§ **Input data**

<<<<

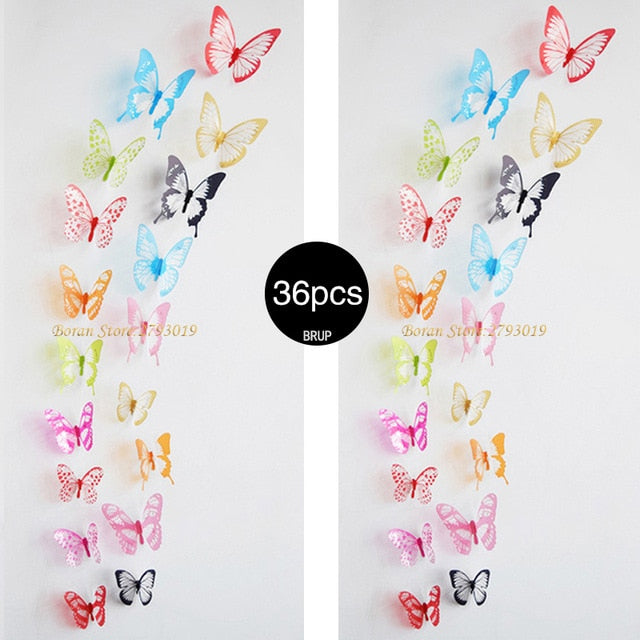 3D Crystal Butterfly Wall Stickers Creative Butterflies with Diamond Home Decor Kids rooms.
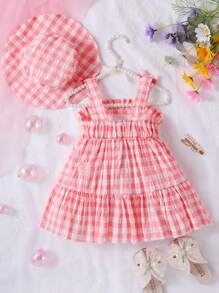 SHEIN Đầm em bé Thêu viền lá sen Viên lá sen Hoa Kẻ sọc - Hồng - Xem 2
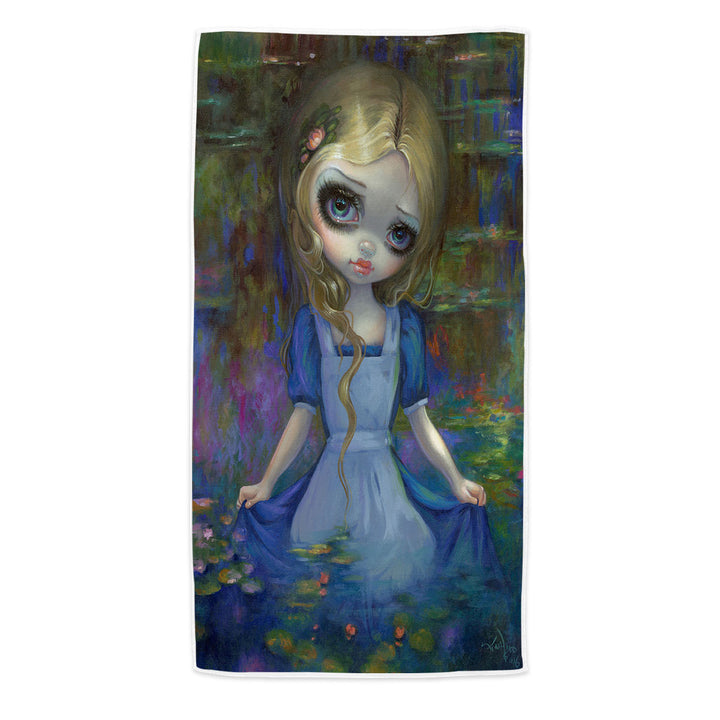 Art Painting Microfiber Beach Towel Alice in Monet_s Water Lilies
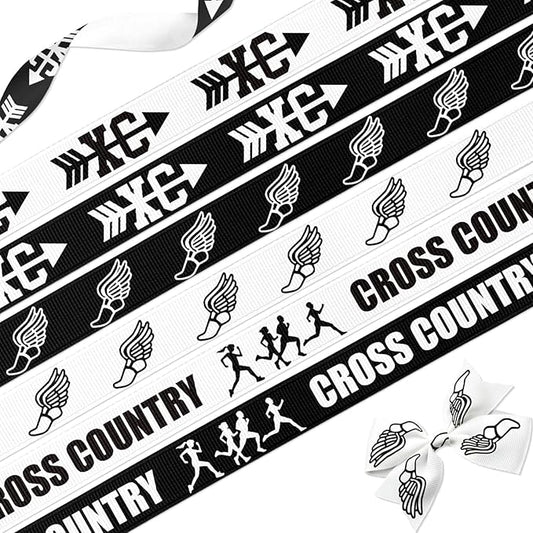 Cross Country Ribbon, 6 Pack Track Field Grosgrain Ribbons, 5/8" x 3 Yards Each (18 Yards Total), XC Runner Medal Display Gift Wrapping Decoration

>>>>

§ **Directions**
Everything in the listing except the pictures must be reproduced exactly.

§ **Task response**
 3D Crystal Butterfly Wall Stickers Creative Butterflies with Diamond Home Decor Kids rooms.
 SHEIN Đầm em bé Thêu viền lá sen Viên lá sen Hoa Kẻ sọc - Hồng - Xem 2
 Art Painting Microfiber Beach Towel Alice in Monet_s Water Lilies
 Cross Country Ribbon, 6 Pack Track Field Grosgrain Ribbons, 5/8" x 3 Yards Each (18 Yards Total), XC Runner Medal Display Gift Wrapping Decoration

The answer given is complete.